* EXERCISE INSTRUCTIONS *
Please write out only the lines from the line with "新丰田花冠雷凌凯美瑞致炫卡罗拉锐志威驰免手缝皮革方向盘套把套" to the line with "VR02-025 仮面ライダーヴァルバラド黒鋼 LR | ガンバレジェンズ,通常弾", inclusive, exactly as they stand below, without the pictures.

* INFORMATION GIVEN *
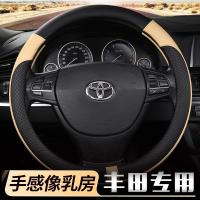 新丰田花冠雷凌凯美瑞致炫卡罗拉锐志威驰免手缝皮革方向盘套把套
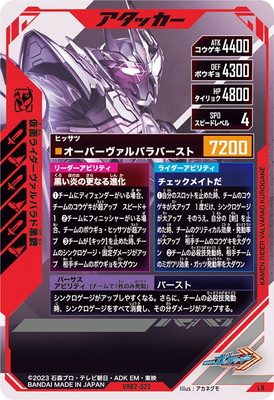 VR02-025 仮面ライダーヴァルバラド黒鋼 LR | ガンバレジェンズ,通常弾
==
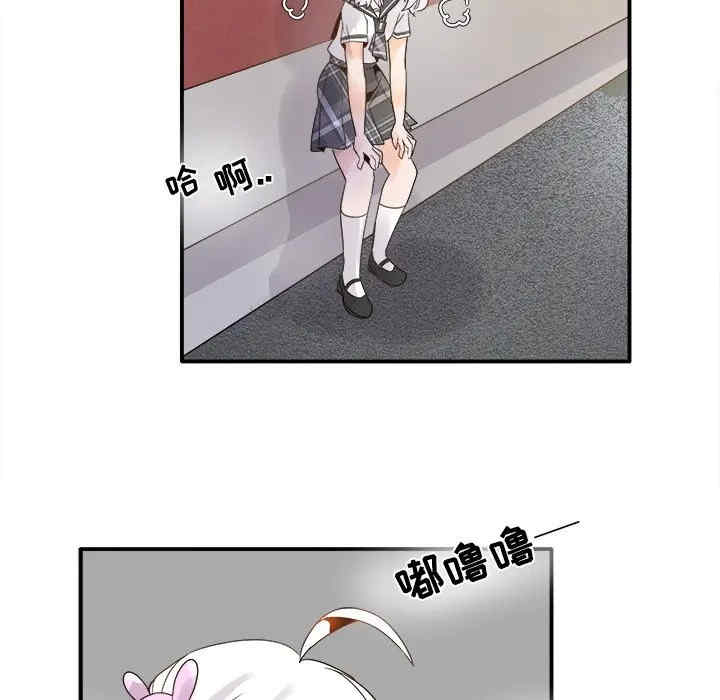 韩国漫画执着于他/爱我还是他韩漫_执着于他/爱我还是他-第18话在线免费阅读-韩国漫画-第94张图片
* * *
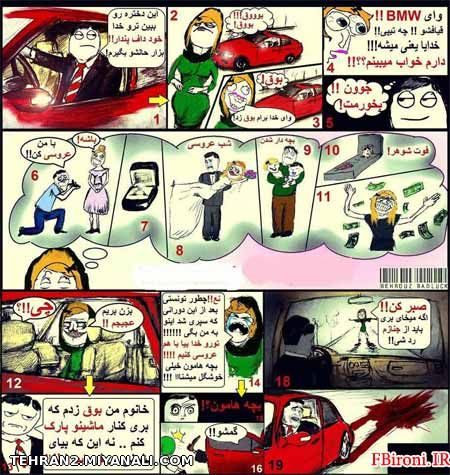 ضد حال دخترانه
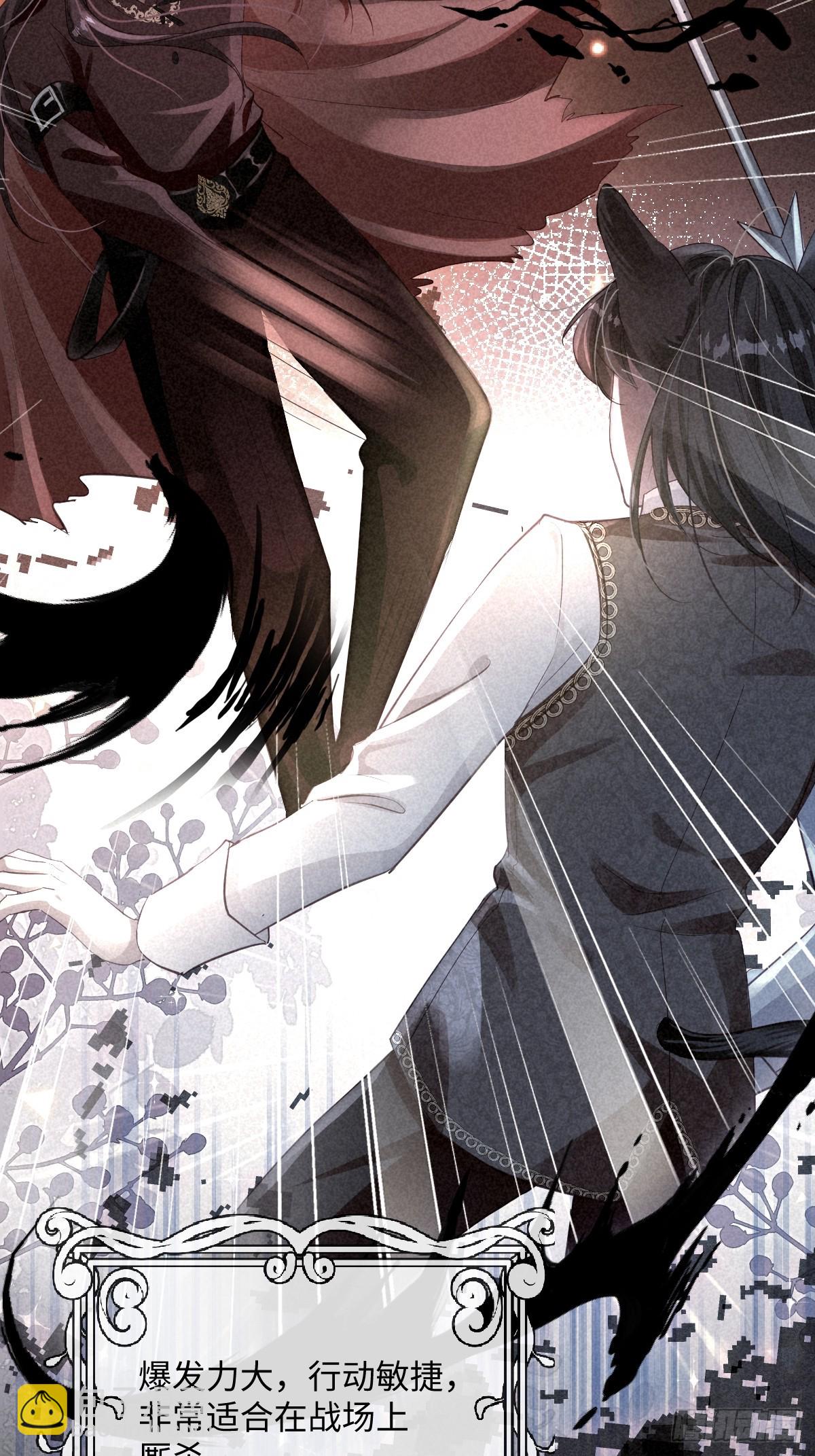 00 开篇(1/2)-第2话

* EXERCISE ANSWER *
 新丰田花冠雷凌凯美瑞致炫卡罗拉锐志威驰免手缝皮革方向盘套把套
 VR02-025 仮面ライダーヴァルバラド黒鋼 LR | ガンバレジェンズ,通常弾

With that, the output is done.